§ **What is expected**:
Set down all of the records exactly.

--- Information supplied ---

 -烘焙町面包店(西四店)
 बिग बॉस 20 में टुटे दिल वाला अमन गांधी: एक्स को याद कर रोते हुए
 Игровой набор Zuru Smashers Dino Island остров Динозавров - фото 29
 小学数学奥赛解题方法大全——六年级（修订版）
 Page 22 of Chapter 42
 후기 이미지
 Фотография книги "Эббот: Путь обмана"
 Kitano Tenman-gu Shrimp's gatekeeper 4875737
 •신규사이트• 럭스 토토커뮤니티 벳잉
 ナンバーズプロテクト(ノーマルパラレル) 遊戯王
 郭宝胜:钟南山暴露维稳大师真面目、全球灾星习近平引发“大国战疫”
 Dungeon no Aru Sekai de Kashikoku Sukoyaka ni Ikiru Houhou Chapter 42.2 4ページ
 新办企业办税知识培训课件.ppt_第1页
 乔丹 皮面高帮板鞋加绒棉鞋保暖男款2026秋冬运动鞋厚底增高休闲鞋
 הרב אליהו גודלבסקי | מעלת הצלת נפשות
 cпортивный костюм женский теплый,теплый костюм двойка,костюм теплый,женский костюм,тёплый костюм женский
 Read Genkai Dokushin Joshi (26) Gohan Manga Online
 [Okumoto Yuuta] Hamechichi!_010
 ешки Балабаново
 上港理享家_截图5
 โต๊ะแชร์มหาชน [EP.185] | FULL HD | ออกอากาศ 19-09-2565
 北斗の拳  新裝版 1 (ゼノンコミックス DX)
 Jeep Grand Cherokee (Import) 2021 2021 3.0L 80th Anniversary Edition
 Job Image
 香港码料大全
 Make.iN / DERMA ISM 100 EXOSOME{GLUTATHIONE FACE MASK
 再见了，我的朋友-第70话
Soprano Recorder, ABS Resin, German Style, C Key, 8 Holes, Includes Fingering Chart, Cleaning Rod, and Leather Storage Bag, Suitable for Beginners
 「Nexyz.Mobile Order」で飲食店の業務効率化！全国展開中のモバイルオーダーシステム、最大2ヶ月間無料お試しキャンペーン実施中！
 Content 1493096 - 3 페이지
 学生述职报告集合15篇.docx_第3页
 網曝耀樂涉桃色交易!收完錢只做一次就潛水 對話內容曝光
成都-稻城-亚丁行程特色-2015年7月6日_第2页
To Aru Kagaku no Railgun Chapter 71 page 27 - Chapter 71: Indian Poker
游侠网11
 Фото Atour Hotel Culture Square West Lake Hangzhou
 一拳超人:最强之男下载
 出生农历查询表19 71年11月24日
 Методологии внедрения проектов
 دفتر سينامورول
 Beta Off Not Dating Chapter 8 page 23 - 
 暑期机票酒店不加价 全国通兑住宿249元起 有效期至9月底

---

§ **Response to this exercise**:
 -烘焙町面包店(西四店)
 बिग बॉस 20 में टुटे दिल वाला अमन गांधी: एक्स को याद कर रोते हुए
 Игровой набор Zuru Smashers Dino Island остров Динозавров - фото 29
 小学数学奥赛解题方法大全——六年级（修订版）
 Page 22 of Chapter 42
 후기 이미지
 Фотография книги "Эббот: Путь обмана"
 Kitano Tenman-gu Shrimp's gatekeeper 4875737
 •신규사이트• 럭스 토토커뮤니티 벳잉
 ナンバーズプロテクト(ノーマルパラレル) 遊戯王
 郭宝胜:钟南山暴露维稳大师真面目、全球灾星习近平引发“大国战疫”
 Dungeon no Aru Sekai de Kashikoku Sukoyaka ni Ikiru Houhou Chapter 42.2 4ページ
 新办企业办税知识培训课件.ppt_第1页
 乔丹 皮面高帮板鞋加绒棉鞋保暖男款2026秋冬运动鞋厚底增高休闲鞋
 הרב אליהו גודלבסקי | מעלת הצלת נפשות
 cпортивный костюм женский теплый,теплый костюм двойка,костюм теплый,женский костюм,тёплый костюм женский
 Read Genkai Dokushin Joshi (26) Gohan Manga Online
 [Okumoto Yuuta] Hamechichi!_010
 ешки Балабаново
 上港理享家_截图5
 โต๊ะแชร์มหาชน [EP.185] | FULL HD | ออกอากาศ 19-09-2565
 北斗の拳  新裝版 1 (ゼノンコミックス DX)
 Jeep Grand Cherokee (Import) 2021 2021 3.0L 80th Anniversary Edition
 Job Image
 香港码料大全
 Make.iN / DERMA ISM 100 EXOSOME{GLUTATHIONE FACE MASK
 再见了，我的朋友-第70话
Soprano Recorder, ABS Resin, German Style, C Key, 8 Holes, Includes Fingering Chart, Cleaning Rod, and Leather Storage Bag, Suitable for Beginners
 「Nexyz.Mobile Order」で飲食店の業務効率化！全国展開中のモバイルオーダーシステム、最大2ヶ月間無料お試しキャンペーン実施中！
 Content 1493096 - 3 페이지
 学生述职报告集合15篇.docx_第3页
 網曝耀樂涉桃色交易!收完錢只做一次就潛水 對話內容曝光
成都-稻城-亚丁行程特色-2015年7月6日_第2页
To Aru Kagaku no Railgun Chapter 71 page 27 - Chapter 71: Indian Poker
游侠网11
 Фото Atour Hotel Culture Square West Lake Hangzhou
 一拳超人:最强之男下载
 出生农历查询表19 71年11月24日
 Методологии внедрения проектов
 دفتر سينامورول
 Beta Off Not Dating Chapter 8 page 23 - 
 暑期机票酒店不加价 全国通兑住宿249元起 有效期至9月底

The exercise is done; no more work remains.